The difficulty with an on-line conversation with twenty discussants is that unless you build in a preventive structure, some writers will receive no responses to what they have written. I've therefore structured the responses so that everyone gets a response. "Respond to the person whose message appears below yours" ensures that everyone will get a response. Without such a safeguard, some writers will get several responses and some none--not a good situation.

So where does all this leave us? Not with a "class that really worked," but a class that depended upon, and fully utilized, the computer environment. To do what we did, we needed the quick publication that becomes possible on a network; we needed the almost-synchronous discussion that is possible on a network; and we needed the hypertext and search functions of the software so that we could rapidly scan, analyze, and reconfigure the data that we had. And it's all so smooth and fast: everything that I've described above happened in two hours.

But could we have done what I've described in a conventional classroom? Two of our colleagues think we could have. I don't think so. Let me imagine how it might have been had I attempted this sequence of writing activities in a room filled with student desks, or even in a room with stand-alone computers in it.

Class #1: students write the quick-writes. Do they then pass them around, taking notes as they do? They could--but then they get to read each piece once; they can't return to it whenever they want. More likely, after class the teacher hurries to the copy center with the twenty quick-writes, and has a twenty to thirty page booklet ready for the second class 2, complete with page numbers. It's not pretty, this book, or even entirely readable, because a few students have written in blue ball-point pen, despite instructions to the contrary, and the copies are therefore extremely faint. Nor is the text easily searched for keywords. And we've used 600 sheets of paper.

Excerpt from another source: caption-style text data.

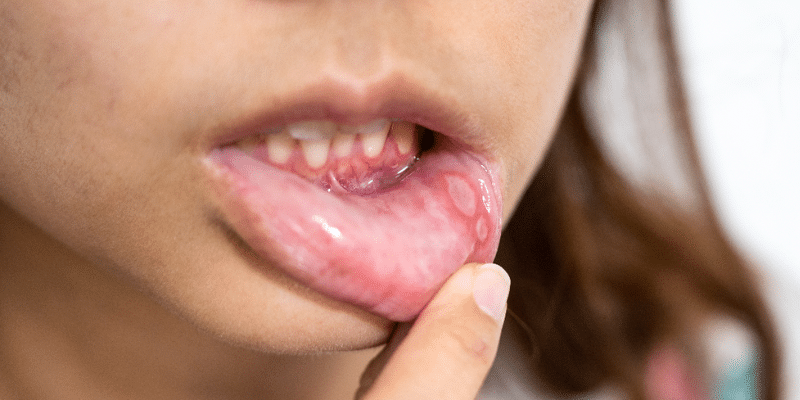 Child pointing to swollen gum and tooth showing signs of dental abscess infection.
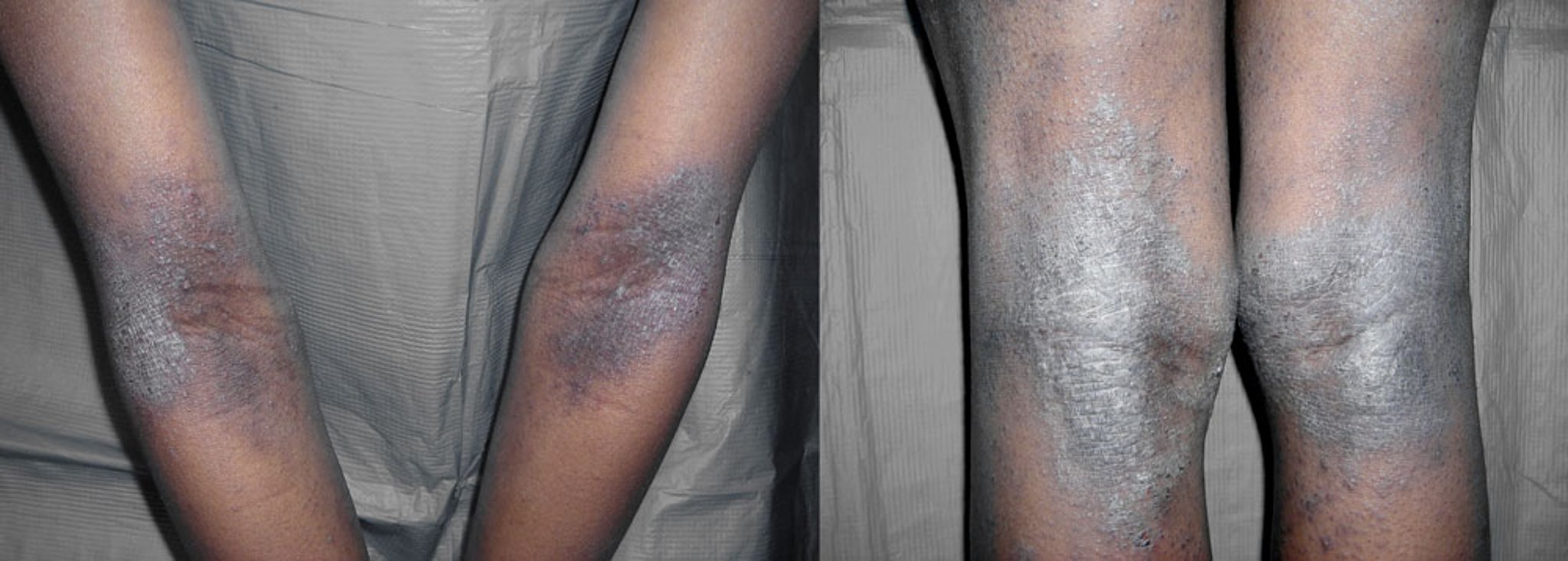 Atopic Dermatitis (Flexural Areas) (2)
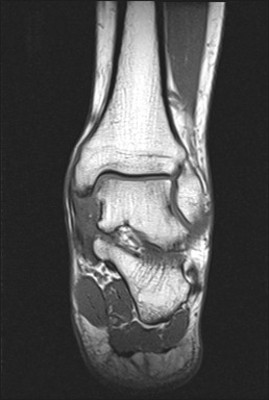Séquelles post traumatiques du ligament collatéral latéral IRM coronal T1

Class #2: students, sitting in a circle, discuss the question posed in the quick-write. The discussion is tape-recorded and transcribed by--whom? the teacher again? That's several hours of work. The INTERCHANGE transcript of our discussion, had it been printed out, would have filled ten single-spaced, typewritten pages. Then off again to the copy center to make twenty copies of the transcript. Or: the discussion is videotaped and replayed two or three times, while students take notes. There's more class time spent. And we can't easily search either the typed transcript or the videotape. To get the effect of the INTERCHANGE hypertext search using a written transcript, we'd have to cut up the individual contributions to the discussion and assemble them, like notecards, in stacks. And what about a contribution that referred to more than one subtopic?

Class #3: copies of transcripts are returned to students, and they are given instructions for the essay they are to write, due at the beginning of Class #4. On my Tuesday-Thursday class schedule, this cycle has taken two weeks, with much copying, transcribing, and distribution of packets. We could have saved much of the copying expense by placing two copies of the documents on reserve in the library, but then only two students could work on the materials at any one time, and I'd guess that this relative inaccessibility of the materials would prove fatal to the enterprise.

So I don't think it's entirely the computer-groupie in me that speaks here. Outside the computer-equipped classroom, I would not have thought of doing what I have described above. Had I thought of it, I would have dismissed it as too elaborate and time-consuming, and finally not worth the effort.

Charles Moran teaches at the University of Massachusetts at Amherst.


I need to acknowledge here my indebtedness to my fellow teachers, who have caused me to think hard thoughts about what we are doing in the computer- equipped classroom. Chief among these are Marcia Curtis, Elizabeth Klem, Nick Carbone, Ray Jones, Emily Isaacs, Lisa Melanson, Dix McComas, Peter Elbow, and Janet MacFayden.